Gary Comer, of Lands' End, another mail-order house, reports that more than 90,000 of their duffels were sold last year, "but many of them are never going to see the sea. More and more people are traveling abroad with an extra empty duffel in their regular luggage to fill later." Culver Modisette, of The Great World of Ecology Sports Catalog, says, "People are buying our Nordic cross-country pack just because they like the look of it. And students have taken to using it to carry books."
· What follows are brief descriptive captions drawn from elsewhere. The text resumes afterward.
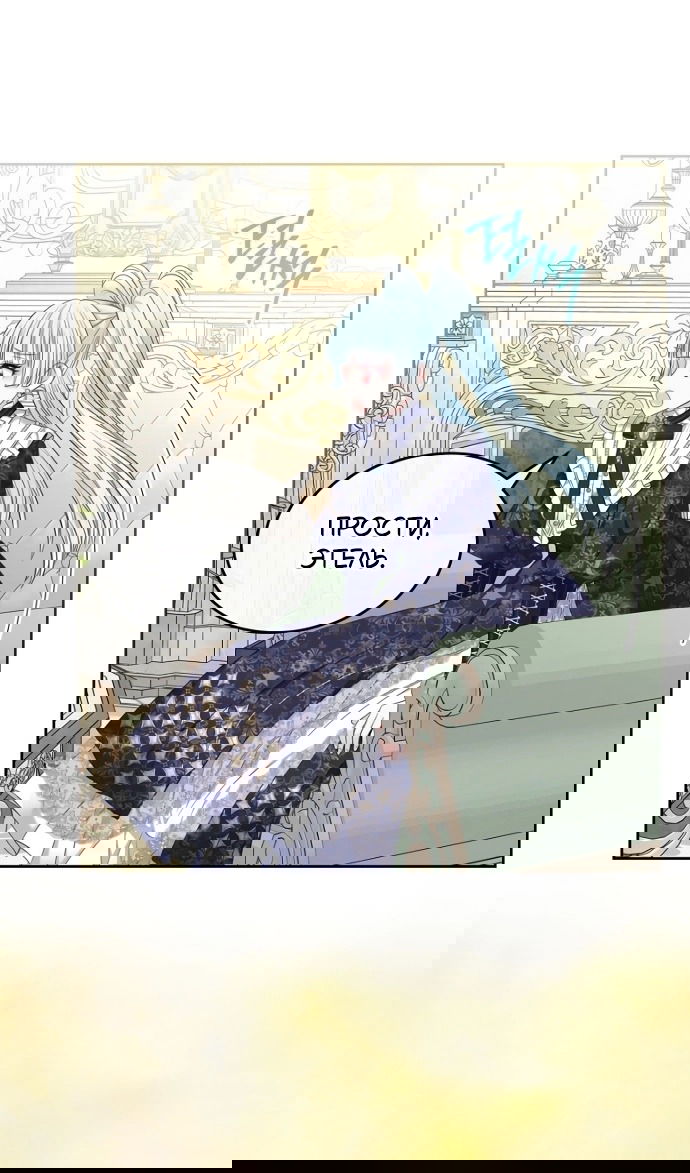 Манга Я разведусь со старшим братом главной героини - Глава 92 Страница 84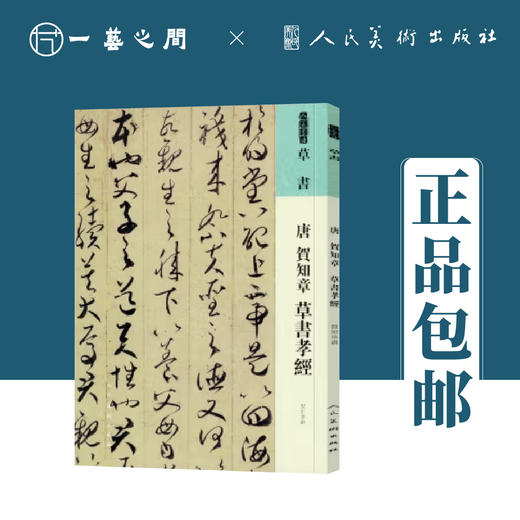 人美书谱 草书 唐 贺知章 草书孝经【现货包邮】RM0064 商品图0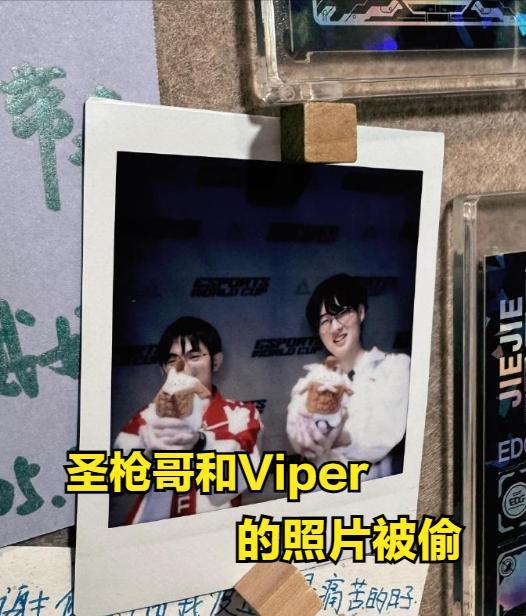 【这也偷？EDG米线店发文：圣枪哥和viper的照片失窃，现已报警抓人】图2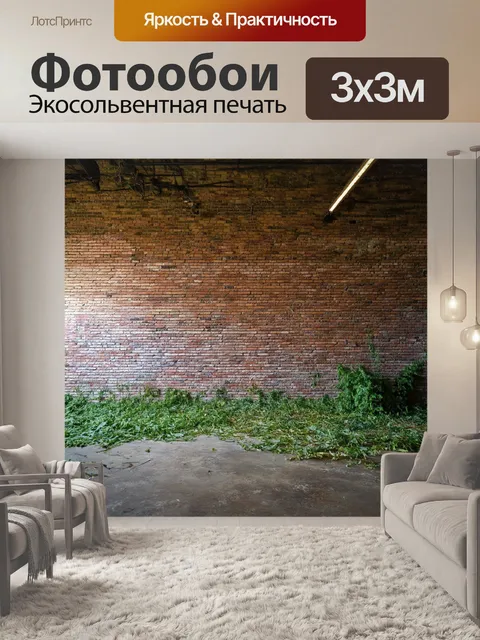 Фотообои кирпичи фон в старом заброшенном складе, где природа возвращается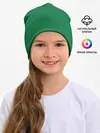 Детская шапка / Карманный пришелец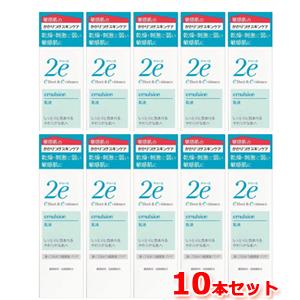 【まとめ割り】資生堂 2e ドゥーエ 乳液 140ml×10個セット 顔・体用保湿乳液　送料無料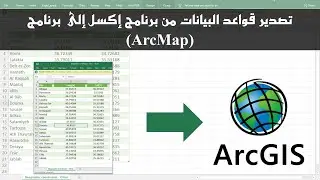 استيراد إحداثيات مواقع محددة إلى برنامج آرك ماب وحفظها ضمن قاعدة بيانات المشروع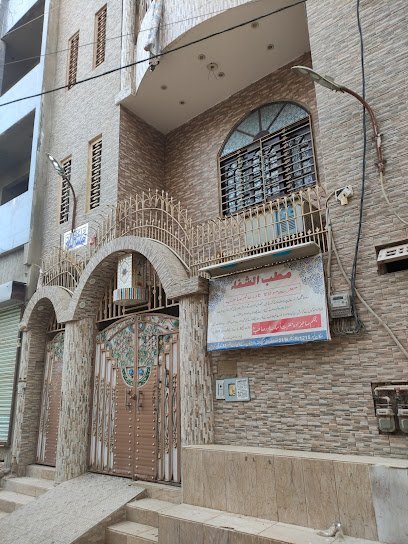Nadir Baba Cancer Treatment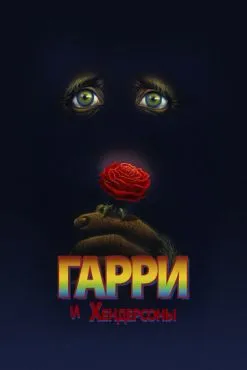Гарри и Хендерсоны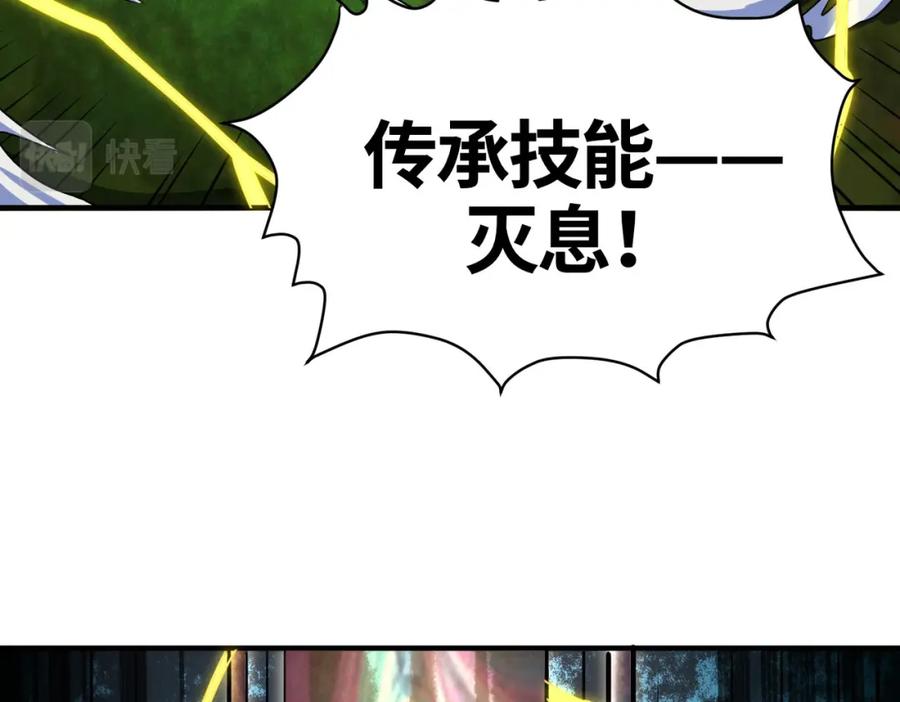 《全球杀戮：开局觉醒SSS级天赋！》第45 万象神殿 第42页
More specialized lightweight packs have long been designed for athletes who carry a lot of equipment while they exercise—backpackers and those who tour on skis or bicycles. These have influenced the development of bags for more general use. Ron Krenzel, a former Alpine racer now in design and development at Athalon Products, says that some of their bags are "an offshoot of the rucksack. Ours feature dual straps so that they can be carried either by hand or on one's back. There's a certain kind of person who won't carry a rucksack on his back," he explains. "This way, the option is his, and when he is carrying skis, a duffel bag with skiwear, another bag with boots and some small items, he is liable to find that the back-straps come in mighty handy." The new dual-strapped bags come in a variety of shapes and materials.

Almost every sport has a bag especially designed by people who participate in it. A sailor-designed duffel for saltwater travel will have waterproof compartments and rustproof plastic zippers, with extra flaps over the zippers to help keep out water.

Gear bags are sold in many places: sporting goods stores that supply camping equipment, ski and tennis shops, track-and-field outfitters, marine supply outlets, mail-order catalogs specializing in sporting equipment and some military surplus stores.

Though most bags are relatively inexpensive, they vary greatly in quality. Chances are that the bags carried in a surplus store will lack important extras and durability. Sea magazine says, for example, that "the typical Navy-style seabag is the drawstring duffel. The drawback is that it opens only at one end, limiting access to contents. Articles at the bottom may be lost forever. Still, Navy surplus outlets offer these in lightweight canvas or nylon, new or used, starting at $2.49. But the bargain is dubious, since seam construction is poor and the damp leaks in. A better quality of product of similar design is the Sunshine Duff Sport Bag, which sells for $8.95."

Wherever you buy a bag, remember when checking it out that zippers are usually the weakest point. One should use extra straps when carrying heavy gear. Handles and straps must be sturdy and be both sewn and riveted to the material for extra strength. Seams must be unbroken. Outside pockets and pouches will eliminate rummaging through a bag for small articles. When possible, choose a bag with separate compartments for clean and dirty, or for wet and dry, clothing. ( L. L. Bean sells a pack of four drawstring sacks, called "pack organizers," in assorted colors and sizes for $5.50.) One should check fabric for weight, water repellency and quality. Choosing the right size is also important, because a duffel or soft bag will travel better if it is fully packed. Remember, it is surprising how much can be crammed into a small bag.